Uma desconstrução espirituosa dos códigos do terror contemporâneo, que surpreendia constante e consistentemente ao conjugar sustos e gargalhadas com um virtuosismo assinalável.


25 anos (e três estupendas sequelas) depois, Matt Bettinelli-Olpin and Tyler Gillett, provenientes do coletivo Radio Silence, pegam no património criativo do entretanto falecido Craven e dão-lhe continuidade neste quinto tomo, onde a relativamente pacata cidade de Woodsboro, na Califórnia, volta a ser o palco de uma série de homicídios, levados a cabo por um assassino que ressuscita a máscara do velho Ghostface.
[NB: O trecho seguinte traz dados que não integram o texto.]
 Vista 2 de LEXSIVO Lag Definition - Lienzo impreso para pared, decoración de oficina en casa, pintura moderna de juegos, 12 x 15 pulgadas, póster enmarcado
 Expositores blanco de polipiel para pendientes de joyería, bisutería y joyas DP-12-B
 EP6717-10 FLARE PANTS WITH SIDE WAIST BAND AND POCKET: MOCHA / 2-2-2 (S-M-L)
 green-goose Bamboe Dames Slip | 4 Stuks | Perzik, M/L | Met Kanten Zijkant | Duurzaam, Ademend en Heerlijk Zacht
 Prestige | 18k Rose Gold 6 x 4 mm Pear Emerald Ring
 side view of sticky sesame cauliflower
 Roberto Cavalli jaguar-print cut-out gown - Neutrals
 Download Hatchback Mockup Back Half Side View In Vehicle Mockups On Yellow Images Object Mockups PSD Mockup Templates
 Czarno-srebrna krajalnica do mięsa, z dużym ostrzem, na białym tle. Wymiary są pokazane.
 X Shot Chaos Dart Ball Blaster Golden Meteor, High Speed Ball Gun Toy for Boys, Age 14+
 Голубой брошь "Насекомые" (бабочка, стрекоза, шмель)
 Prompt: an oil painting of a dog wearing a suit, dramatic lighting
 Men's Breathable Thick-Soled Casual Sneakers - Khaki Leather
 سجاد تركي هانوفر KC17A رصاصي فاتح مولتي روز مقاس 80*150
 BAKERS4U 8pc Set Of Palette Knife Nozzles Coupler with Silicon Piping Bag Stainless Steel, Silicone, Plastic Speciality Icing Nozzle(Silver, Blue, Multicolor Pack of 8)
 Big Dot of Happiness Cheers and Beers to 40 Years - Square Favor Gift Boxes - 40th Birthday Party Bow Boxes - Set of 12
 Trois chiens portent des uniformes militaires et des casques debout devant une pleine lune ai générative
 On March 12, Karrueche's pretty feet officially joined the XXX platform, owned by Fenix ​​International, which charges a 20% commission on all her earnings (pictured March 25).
Recuperando o distanciamento irónico que sempre caracterizou a saga, Bettinelli-Olpin e Gillet e os argumentistas James Vanderbilt e Gary Busick providenciam aos cinéfilos uma oportunidade de voltar a este hilariante, sanguinolento e intelectualmente labiríntico universo, onde o humor e o medo andam sempre de mãos dadas, num filme surpreendentemente delicioso, repleto de performances charmosas, de onde é imperativo destacar o veterano David Arquette e a novata Jenna Ortega, sequências engenhosamente empolgantes (há, pelo menos, dois momentos que prometem levar até o mais estoico dos espetadores a roer as unhas furiosamente), muita crítica social (outra constante nestes filmes) e, claro, muito amor pelo património criativo do cinema de terror. Afinal, não é um mero gesto vazio que o filme encerre com uma dedicatória a Craven, aqui a paixão assolapada pelos prazeres primitivos das narrativas de género é mesmo real.